1. Additional database support

  • MySQL / MariaDB (committed — do first).
  • Research the next tier, splitting operational (OLTP) vs warehouse (OLAP/analytical):
    • Operational: SQLite (great for local/dev + tests), SQL Server (T-SQL), Oracle, CockroachDB (Postgres wire-compatible — may be cheap), DuckDB (embedded analytical, also a file-query engine — overlaps item 2).
    • Warehouse: Snowflake, Amazon Redshift, ClickHouse, Databricks / Spark SQL, Trino/Presto, Amazon Athena, Microsoft Fabric.
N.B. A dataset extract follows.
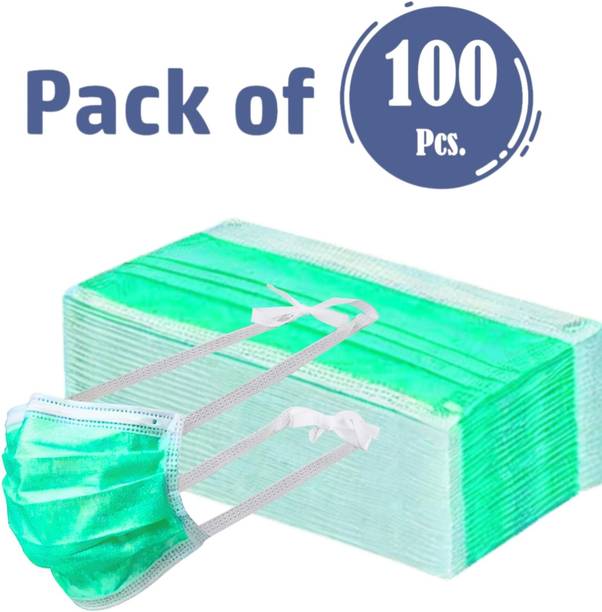 C-Cure Tie On Certified 3 Ply Face Mask For Men And Women Non Woven Surgical Face Mask For Pollution Protection Surgical Mask With Melt Blown Fabric Layer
  • What each adapter costs (the pattern is established by postgres/supabase): a cli/api/dbadapters/<db>.ts + <db>_execution_sql.ts, a <Db>Connection proto + credentials.ts validation, a <Db>Options action config block in protos/configs.proto, dialect-specific DDL/DML in the execution SQL generator, a CLI branch on warehouse, and a docker integration fixture + tests/integration/<db>.spec.ts.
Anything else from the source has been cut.